В то же время наша поездка в Ижевск дала понять, что формат очень востребован, такие центры должны быть в каждом регионе.
И еще важный нюанс – в таких центрах дети должны получать помощь вместе с родителями. Без их поддержки большинство усилий психологов не принесет желаемых результатов. Все у каждого из нас начинается с семьи.
Прошлым летом нам предлагали купить готовый лагерь. Мы искали деньги под него, 12 млн рублей. Собрали несколько миллионов, они до сих пор лежат на счету. Мы думаем, что можно сделать.
Я в 2022 году прошла обучение в «Институте советников». Это проект Нижегородской области и «Региона заботы» ОНФ. У меня был проект про реабилитацию детей и сопровождение детей в следственных действиях. ОНФ написал обращение к губернатору Оренбургской области с просьбой помочь найти помещение. К сожалению, ничего область не нашла. Что-то хорошее отдавать не захотели, а что-то плохое мы сами не взяли.
– А что предлагали?
– Одинокий брошенный в степи пост ветеринарного контроля, первый этаж пятиэтажки, полуразрушенное здание в аварийном состоянии на территории больницы… Мы просили помещение, чтобы можно было заехать и начать там работать, а не потратить на ремонт в сто раз больше, чем оно стоит. Мы властям показывали в том числе лагерь, предлагали купить. Но они сказали, что для области такая покупка нецелесообразна. А покупка нового джипа-лексуса для губернатора за 22 миллиона – целесообразна. У каждого свои приоритеты.

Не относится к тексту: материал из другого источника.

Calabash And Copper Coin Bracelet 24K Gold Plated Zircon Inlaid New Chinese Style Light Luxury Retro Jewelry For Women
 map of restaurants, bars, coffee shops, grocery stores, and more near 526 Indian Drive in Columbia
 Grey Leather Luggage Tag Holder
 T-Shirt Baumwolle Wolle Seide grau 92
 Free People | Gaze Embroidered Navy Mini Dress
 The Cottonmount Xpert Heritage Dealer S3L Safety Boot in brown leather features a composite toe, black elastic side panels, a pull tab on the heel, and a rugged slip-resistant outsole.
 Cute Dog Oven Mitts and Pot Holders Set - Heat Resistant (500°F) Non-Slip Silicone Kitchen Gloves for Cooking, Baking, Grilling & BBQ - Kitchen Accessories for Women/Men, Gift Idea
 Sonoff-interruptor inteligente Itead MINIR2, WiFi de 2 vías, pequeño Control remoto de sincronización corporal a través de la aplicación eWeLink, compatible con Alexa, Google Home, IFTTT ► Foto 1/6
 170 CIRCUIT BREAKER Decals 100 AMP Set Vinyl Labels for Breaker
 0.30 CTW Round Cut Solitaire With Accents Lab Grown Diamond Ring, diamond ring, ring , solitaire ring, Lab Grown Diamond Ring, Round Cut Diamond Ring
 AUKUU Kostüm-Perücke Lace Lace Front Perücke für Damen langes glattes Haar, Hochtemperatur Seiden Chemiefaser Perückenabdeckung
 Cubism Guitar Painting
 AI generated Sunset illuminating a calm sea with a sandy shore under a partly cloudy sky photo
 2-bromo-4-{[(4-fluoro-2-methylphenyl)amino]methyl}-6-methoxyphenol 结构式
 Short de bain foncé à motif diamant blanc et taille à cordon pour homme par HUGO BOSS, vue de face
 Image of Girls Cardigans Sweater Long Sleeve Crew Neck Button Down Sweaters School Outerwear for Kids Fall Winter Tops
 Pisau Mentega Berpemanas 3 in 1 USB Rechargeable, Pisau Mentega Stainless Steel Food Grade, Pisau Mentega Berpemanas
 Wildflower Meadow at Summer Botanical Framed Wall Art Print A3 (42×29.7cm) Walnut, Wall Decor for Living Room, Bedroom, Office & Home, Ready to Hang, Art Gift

«Не могу сказать детям: вы подходите под грант, а вы – нет»
– Кроме «Сохраняя жизнь», есть еще фонды, которые занимаются реабилитацией детей после насилия?
– Несколько команд работают с травмированными детьми, например «Сестры» и «Тебе поверят», но ресурсы их сильно ограниченны.
У нашего фонда тоже с пожертвованиями дела обстоят сложно, существуем в основном на грантовые средства. Но гранты – это всегда ограничения по детям, вы подходите под грант, а вы нет. Для меня же важно, что если ребенку нужна помощь, то он приходит и получает ее.
Поэтому мы ориентируемся на переход к частному фандрайзингу, когда много людей жертвуют небольшие суммы. Так мы сможем работать, как считаем нужным. Стараемся развивать регулярные пожертвования на зарплату сотрудников, но пока успеха в этом не добились. В основном нас поддерживают региональные жертвователи, которые считают, что зарплаты нам должно платить государство.
В 2022 году фонд привлек 1 716 107 рублей, средний чек пожертвования – 400 рублей.
Чтобы хорошие психологи не уходили, им нужно платить конкурентноспособную зарплату, а не 25 000 рублей
– Сколько у вас сейчас психологов?
– Пять. Два психолога ушли, и пока мы им замену не нашли. Один ушел из-за выгорания, другой не прошел испытательный срок, потому что не хватает компетенции.
Чтобы хорошие психологи не уходили, важно иметь конкурентноспособную зарплату. А в грантах нам согласовывают сумму не больше 25 000 рублей.
В 2021 году мы у города взяли в льготную аренду историческое здание, восстановили его – теперь у нас центр большой, почти 200 кв. м. Все специалисты находятся в Оренбурге. Иногородних мы не берем. Это тяжело и в плане ответственности, и потому что мы постоянно обсуждаем случаи, собираемся, проводим супервизии. Волонтеров-психологов пробовали брать, но уровень ответственности не тот, у нас слишком тяжелые дети. Волонтер может накосячить или сказать: «Извини, сейчас времени нет на тебя». Имеет полное право.
Сейчас у нас все больше запросов, потому что все больше детей нуждаются в психологической поддержке. Если говорить об уровне компетенций, то мы давно переросли региональный фонд и нужно создавать уже фонд в Москве, чтобы работать с этой проблемой. Но, увы, денег на это нет.